But girlbloggers love him too. If you’re looking for an introduction to the world of self-styled dollettes, nymphets, female manipulators, Lana Del Rey fans, the #american psycho tag on Tumblr offers up a veritable visual syllabus—less to do with the film than with Bateman as a figure; less to do with Bateman than with his abstract, isolated image. In concept, on film or on the page, he’s so me fr—beautiful, miserable, deranged.
In 2012, Tumblr cracked down on its content restrictions in an attempt to stamp out what Del Rey herself called pro-ana nation: a community of blogs that encouraged eating disorders, largely by making them look aspirational. The girlbloggers went elsewhere, at least in theory (I found a body-tracking blog with the handle @alwaysthinner—and, on a different blog, a post quoting the same line tagged #i want to be a skeleton—in my first five search results). Thinspo, a cutesy abbreviated portmanteau of “thin” and “inspiration,” has taken on a variety of forms across a variety of platforms—pictures of tiny waists and frail limbs, yes, but also hero-worship of ED-coded characters, obsessive body checking, intricate multi-step exercise and beauty routines, affirmations. You can always be thinner, look better.
Divorced from the film’s lurid violence, Bateman might cut an aspirational figure. His suit is immaculate, as is his tie, as are the walls, his hair, the refrigerator. His skin is perfect because he follows a carefully curated regimen. His body is perfect because he forces it to be. He struggles to manage his violent impulses, but he is the very image of control.
He is profoundly unhappy. This much is obvious, but irrelevant: the tragedy of the film, or at least the primary driver of its plot, lies in the banality of his eponymous psychopathy, ill-concealed and invisible all the same. Frozen between motions, Christian Bale wears his face—handsome, forgettable, pinched like soft dough, shaped into a perpetual grimace—like a waxen death mask.
He’s mid-conversation with his guileless secretary Jean (Chloë Sevigny), but he’s not even talking to her, he’s talking to himself—turning down her invitation to share a pint of strawberry sorbet he keeps in his fridge to pointedly not eat—as his fixation on appearances alienates him from the conversation, from the rhythms of daily life, from human connection at large. Any anorexic can tell you how this feels. I can always be thinner, look better.
Starving is never really about starving.

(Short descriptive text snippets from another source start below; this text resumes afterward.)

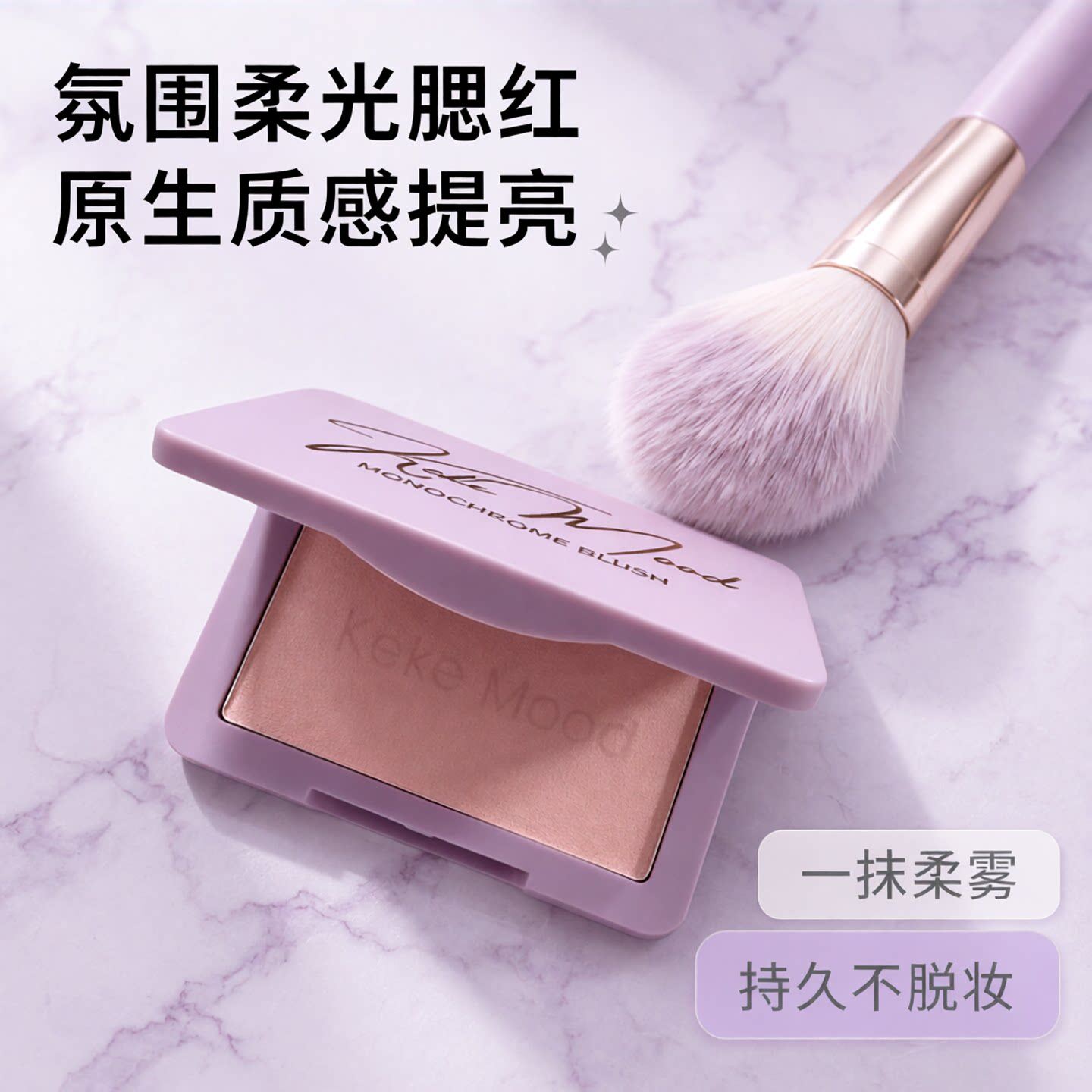 腮红柔光单色腮红盘显色提亮持久不脱妆学生党平价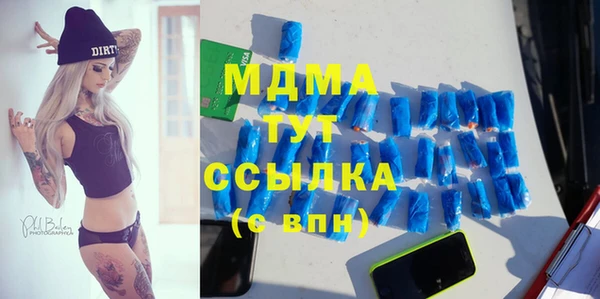 мяу мяу мука Балахна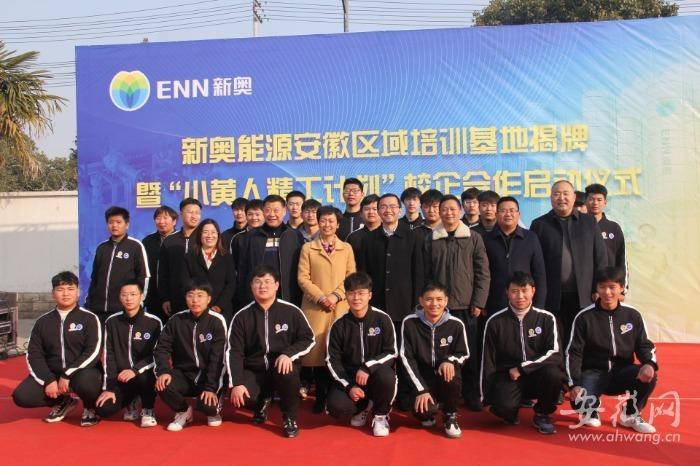 新奧六開(kāi)彩資料2025，探索前沿，掌握未來(lái)彩票趨勢(shì)，新奧六開(kāi)彩資料探索未來(lái)彩票趨勢(shì)，掌握2025年前沿動(dòng)態(tài)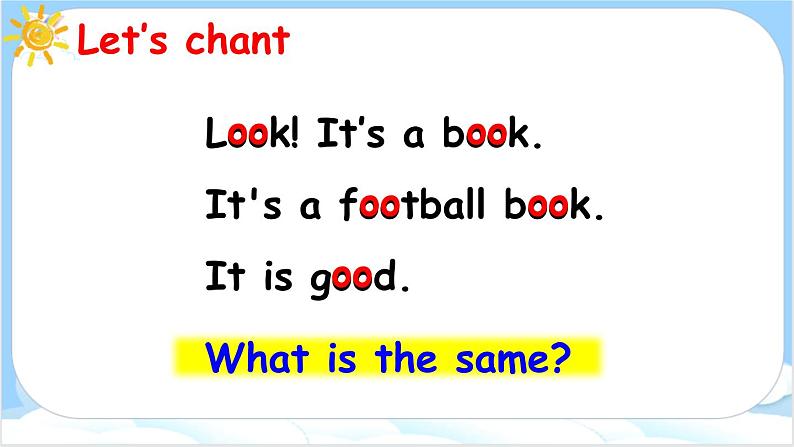 Unit 4 Part A 第3课时第2页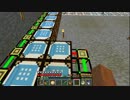 【Minecraft】科学の力使いまくって隠居生活 Part08【ゆっくり実況】
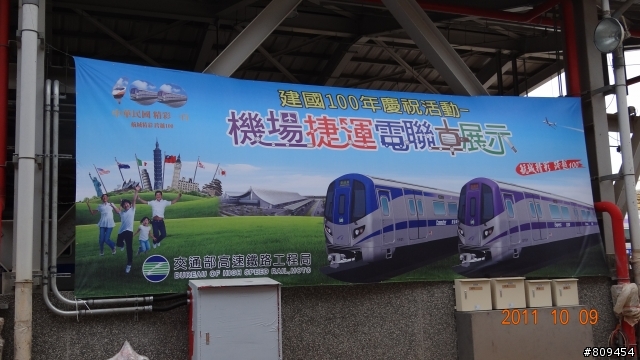機場捷運電聯車展示，圖多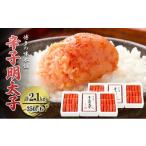 魚貝類 明太子 辛子明太子 計2.1kg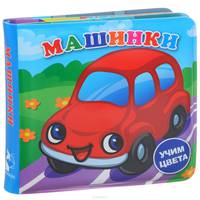 Машинки. Книжка с пищалкой для ванной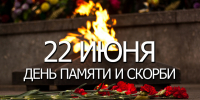 22 июня – День памяти и скорби - Газета Старицкий Вестник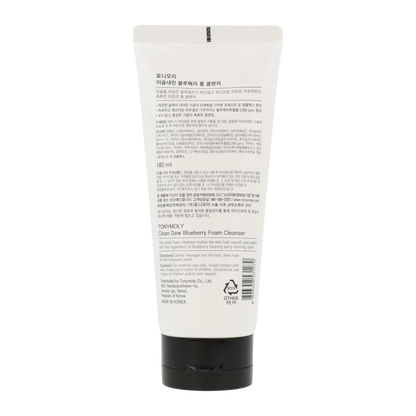 TONYMOLY Clean Dew Foam Cleanser 180ml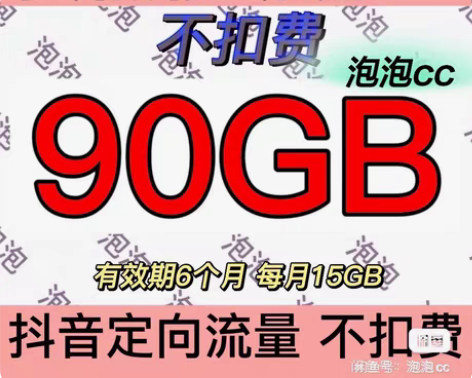 安徽移动流量 90GB 抖/音/快/手等定...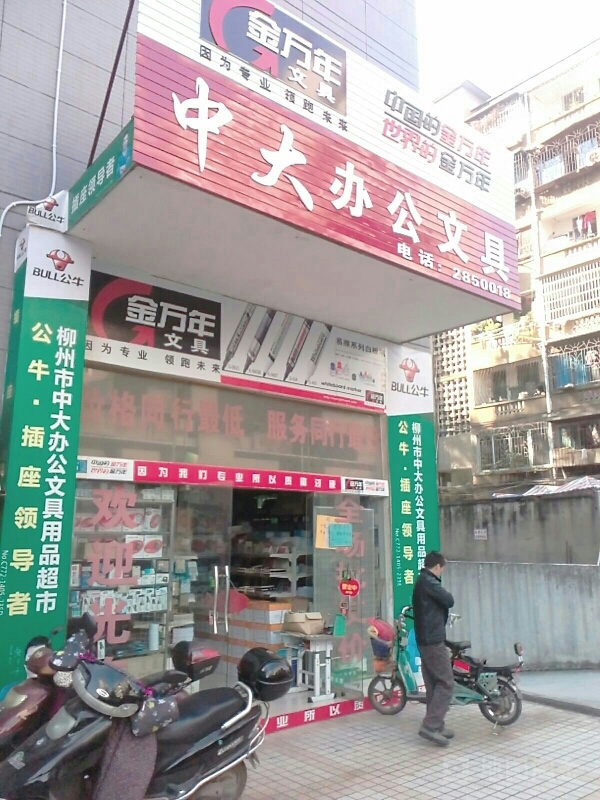 中大办公文具(凯凌大厦店)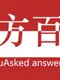 Touhou Asked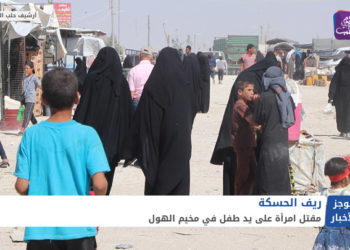 موجز السابعة 14 07 2021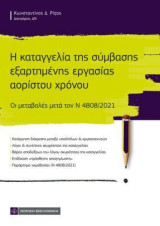 Η καταγγελία της σύμβασης εξαρτημένης εργασίας αορίστου χρόνου: Οι μεταβολές μετά τον Ν 4808/2021
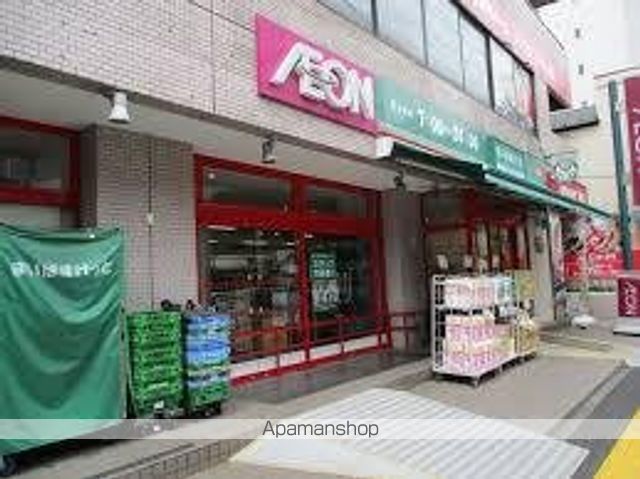 スーパー　まいばすけっと 墨田太平１丁目（スーパー）まで257m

Like capital, for which it is often directly interchangeable, food can be wielded as a status symbol, an implement of discipline, a weapon.
The limitations of this image—Bateman, caught in the act: not of murder, but of the inexorable performance of his own polished surface—reveal the film’s essential truth. American Psycho isn’t about individual psychopathy so much as it is about the mass psychosis of modernity—the violence inflicted upon us by the commodification of our own desires, and by consumer culture, which torments even its own gatekeepers.
The figures of the Young-Girl and the “man in power”—caught in an endless cycle of consuming and being consumed, deliberately not consuming, stripped of the freedom to enjoy any of it—“in every way resemble each other when they don’t simply coincide.” Like the girlblogger who identifies with him, Bateman is marginalized—not by his society, which protects and enables him, but by capital itself, which makes him its accessory.
The most terrible punishment is getting away with it. When Bateman finally confesses to his killing spree, his lawyer (mistaking him for one of his colleagues) takes it as a joke; the Patrick Bateman he works for is “a boring, spineless lightweight” who wouldn’t have the guts—the viscera, the darkness, the interiority—to ever do such a thing. Here lies the tyranny of polished surfaces. From the prison of appearances, there is no exit; in it, there is no deeper knowledge; the blood turns back into an emulsion poured over a dish no one’s going to eat.